Prompt: When the listing below reaches the line that has "Oval loose GIA", start reproducing exactly; stop after the line that has "INC International Concepts", and drop the pictures.

Information provided:
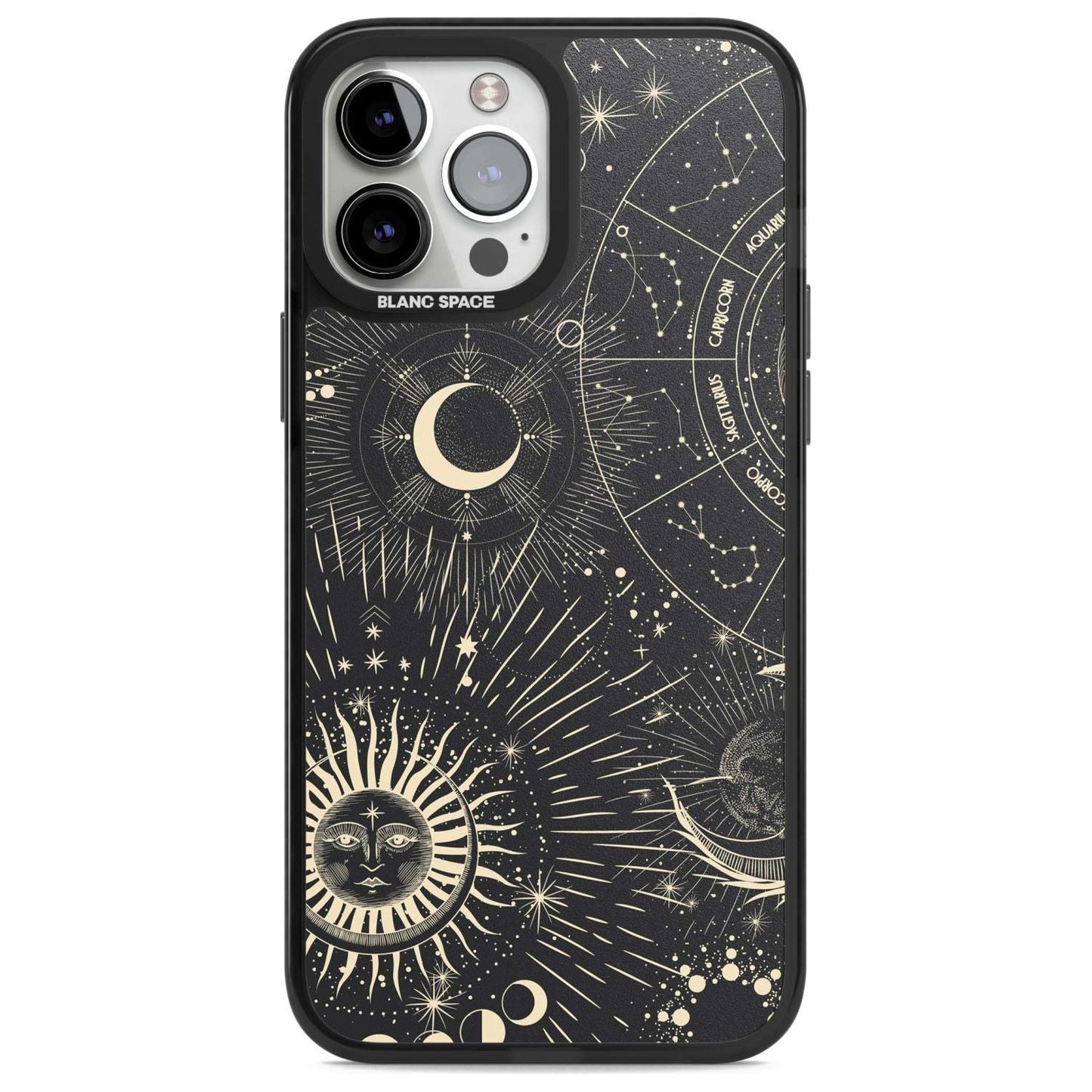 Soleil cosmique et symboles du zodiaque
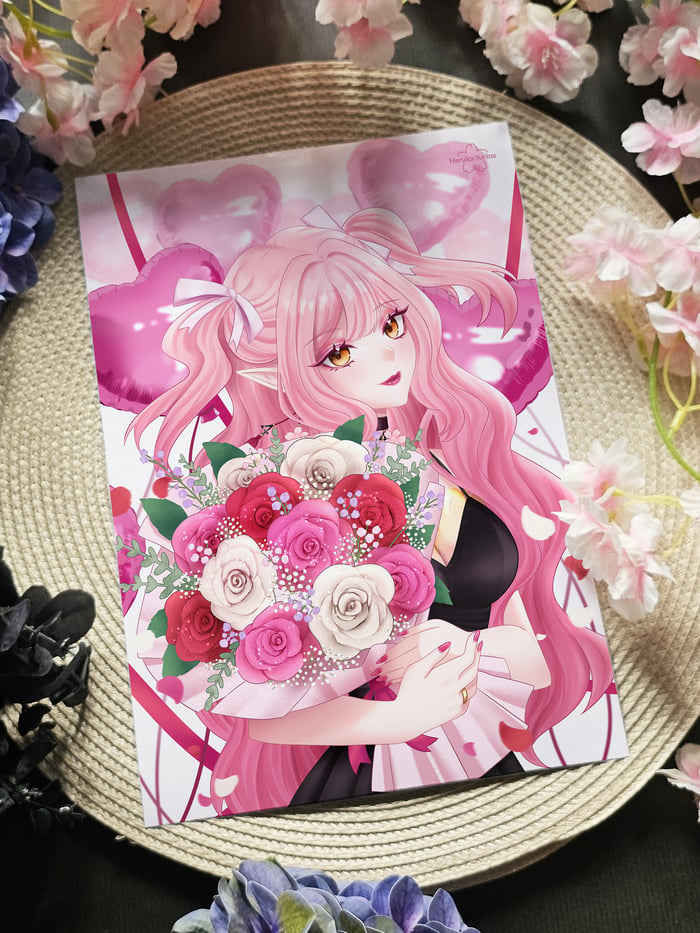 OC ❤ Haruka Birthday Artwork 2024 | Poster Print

...

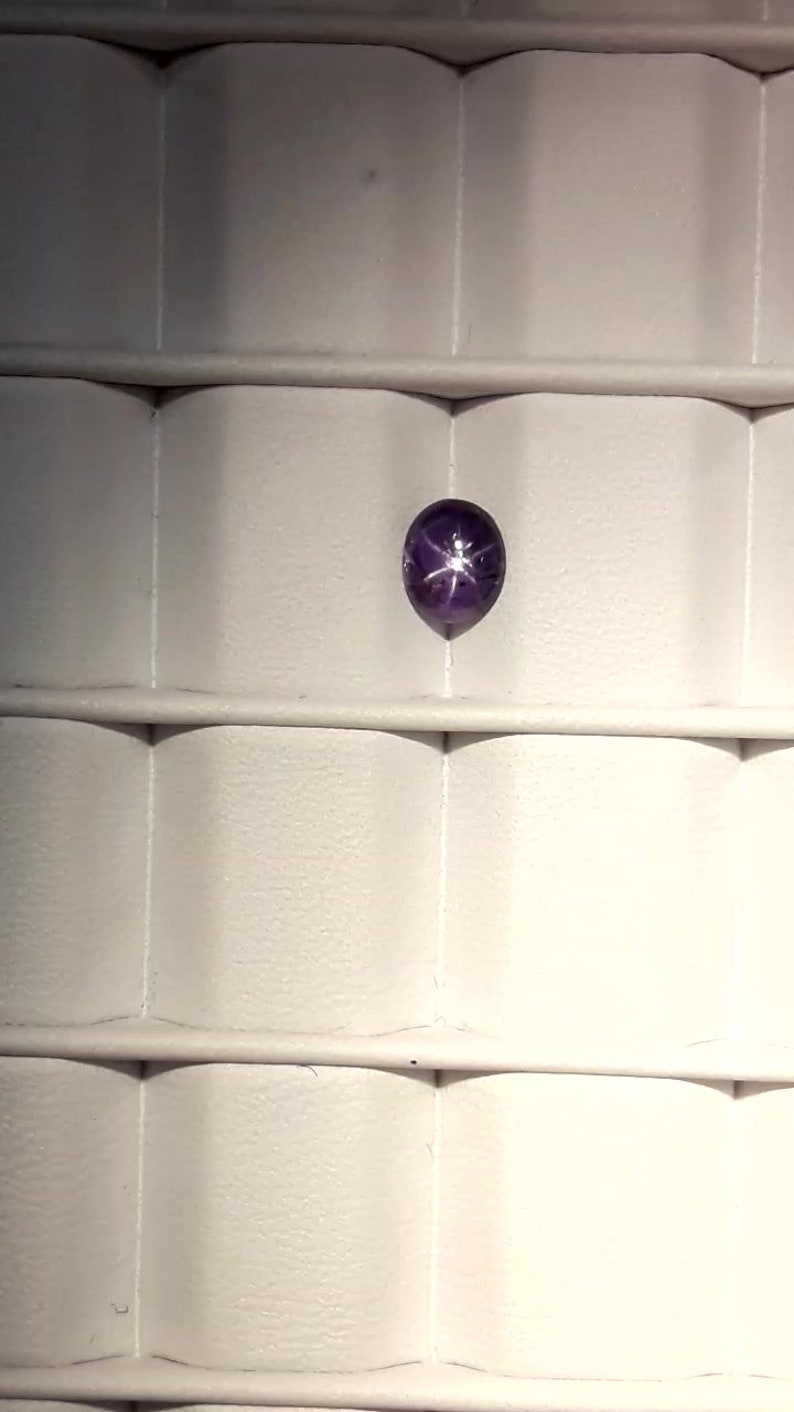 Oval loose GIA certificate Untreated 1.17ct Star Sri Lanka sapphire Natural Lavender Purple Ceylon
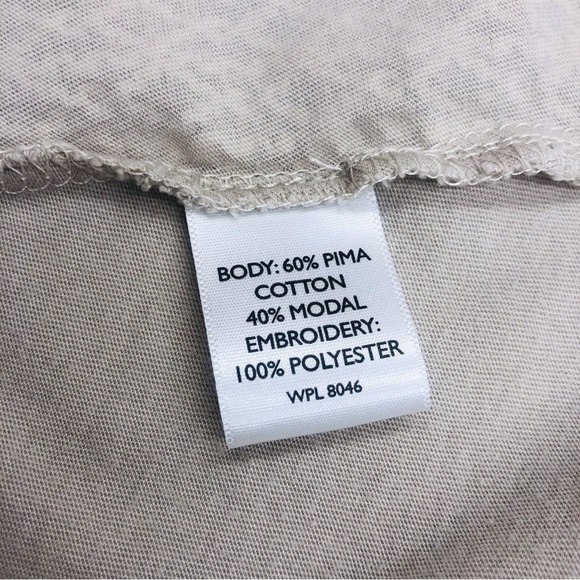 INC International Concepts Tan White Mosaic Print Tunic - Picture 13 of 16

...

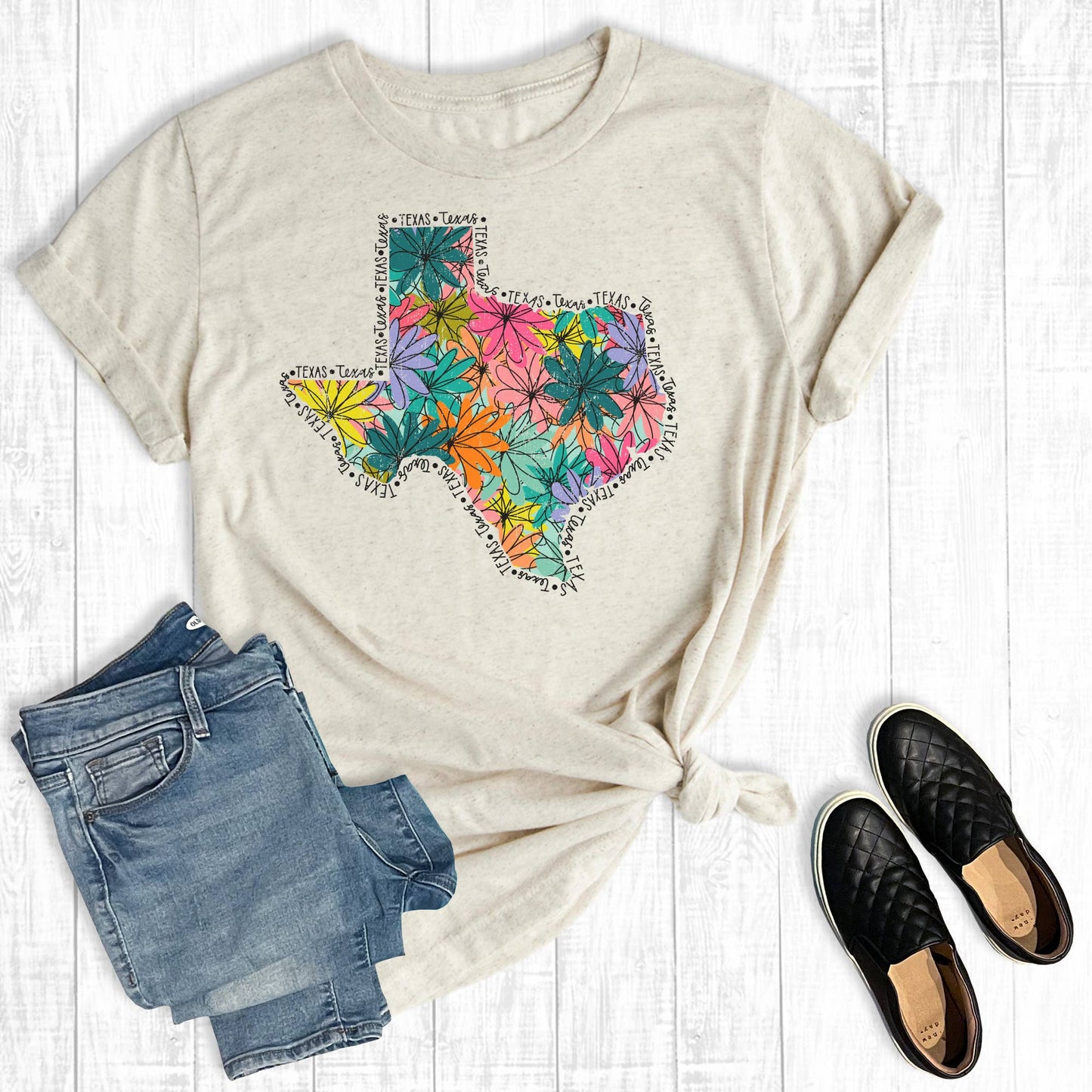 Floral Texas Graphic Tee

Completed task:
 Oval loose GIA certificate Untreated 1.17ct Star Sri Lanka sapphire Natural Lavender Purple Ceylon
 INC International Concepts Tan White Mosaic Print Tunic - Picture 13 of 16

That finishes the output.